| WHAT THE TASK ASKS |
Transcribe, word for word, all of the entries below, and exclude any pictures from the copy.

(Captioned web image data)
%%

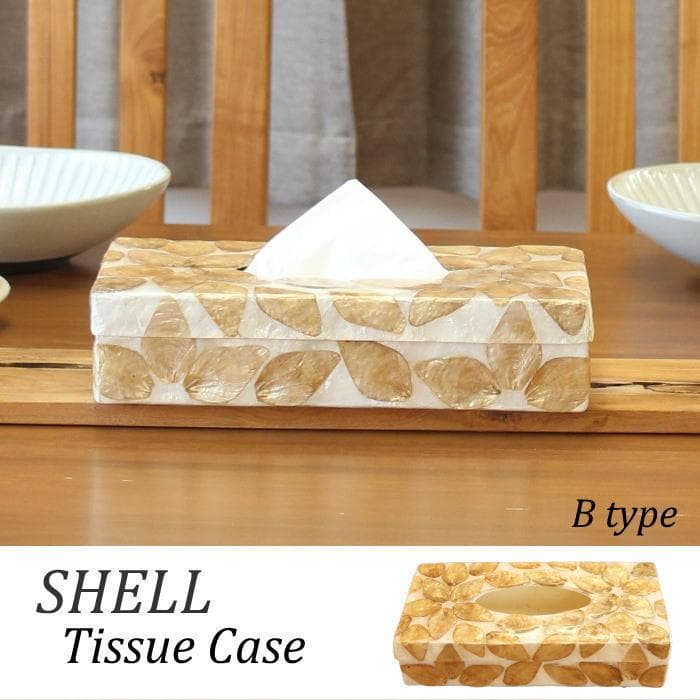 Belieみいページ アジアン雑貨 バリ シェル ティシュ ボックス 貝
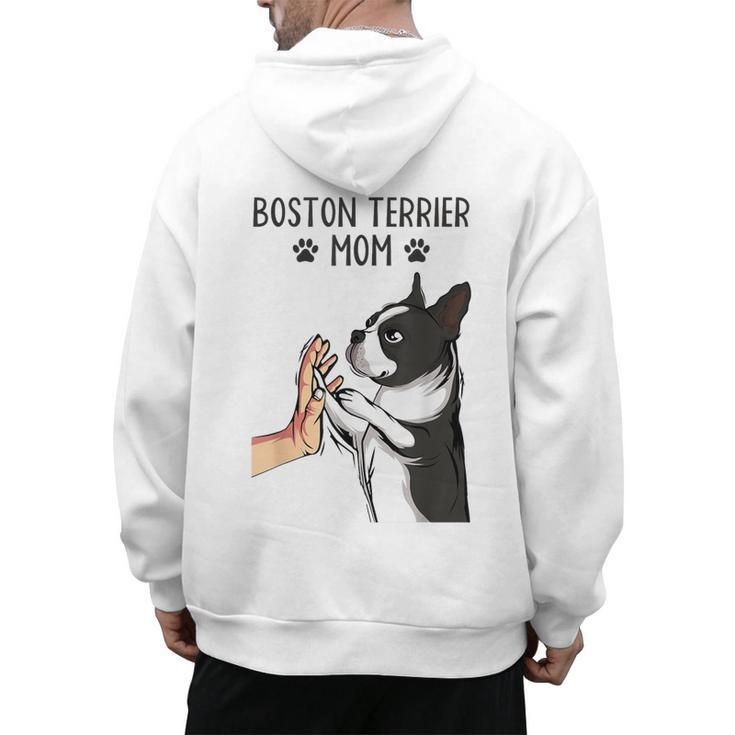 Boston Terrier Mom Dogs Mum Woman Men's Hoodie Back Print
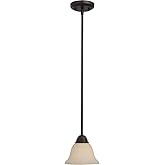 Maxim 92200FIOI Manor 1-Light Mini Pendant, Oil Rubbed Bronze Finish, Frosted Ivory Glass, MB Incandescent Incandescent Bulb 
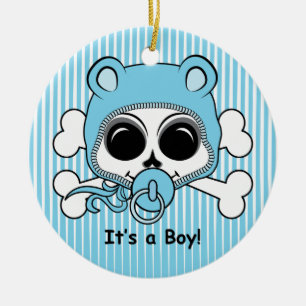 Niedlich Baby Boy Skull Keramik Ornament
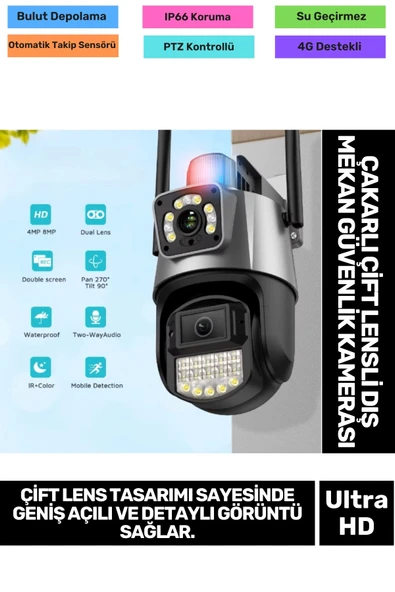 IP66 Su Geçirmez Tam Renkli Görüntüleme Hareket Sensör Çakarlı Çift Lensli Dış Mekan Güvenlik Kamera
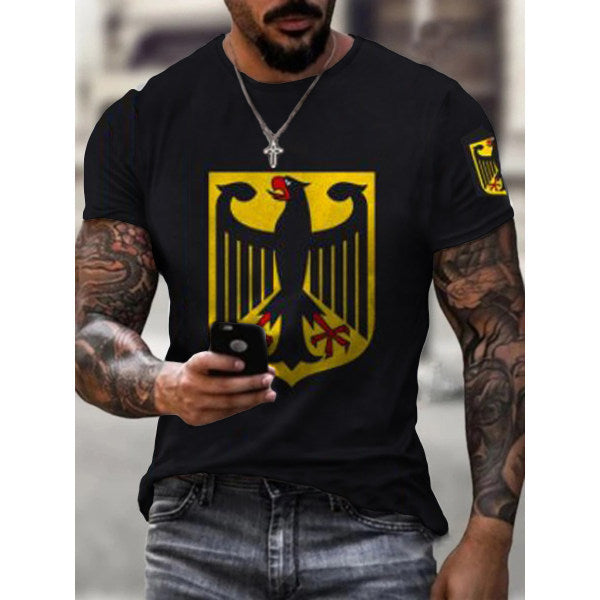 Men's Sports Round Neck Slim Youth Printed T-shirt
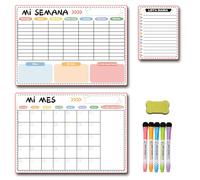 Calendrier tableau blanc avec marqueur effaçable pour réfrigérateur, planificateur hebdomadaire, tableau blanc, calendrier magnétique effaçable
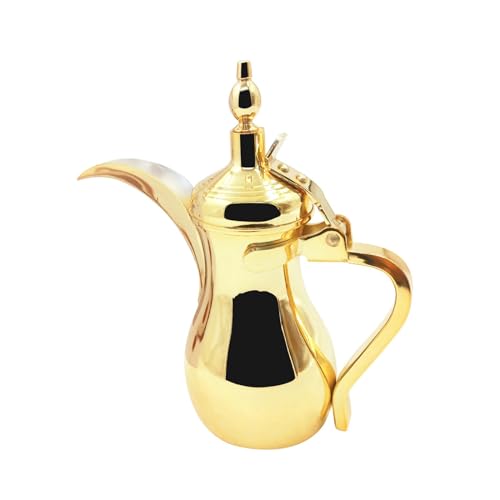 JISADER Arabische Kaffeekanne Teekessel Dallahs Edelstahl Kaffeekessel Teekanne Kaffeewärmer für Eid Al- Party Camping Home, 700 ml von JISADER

%%

| RESPONSE BOX |
 Belieみいページ アジアン雑貨 バリ シェル ティシュ ボックス 貝
 Boston Terrier Mom Dogs Mum Woman Men's Hoodie Back Print
 Maxim 92200FIOI Manor 1-Light Mini Pendant, Oil Rubbed Bronze Finish, Frosted Ivory Glass, MB Incandescent Incandescent Bulb 
 Niedlich Baby Boy Skull Keramik Ornament
 IP66 Su Geçirmez Tam Renkli Görüntüleme Hareket Sensör Çakarlı Çift Lensli Dış Mekan Güvenlik Kamera
 Men's Sports Round Neck Slim Youth Printed T-shirt
 Calendrier tableau blanc avec marqueur effaçable pour réfrigérateur, planificateur hebdomadaire, tableau blanc, calendrier magnétique effaçable
 JISADER Arabische Kaffeekanne Teekessel Dallahs Edelstahl Kaffeekessel Teekanne Kaffeewärmer für Eid Al- Party Camping Home, 700 ml von JISADER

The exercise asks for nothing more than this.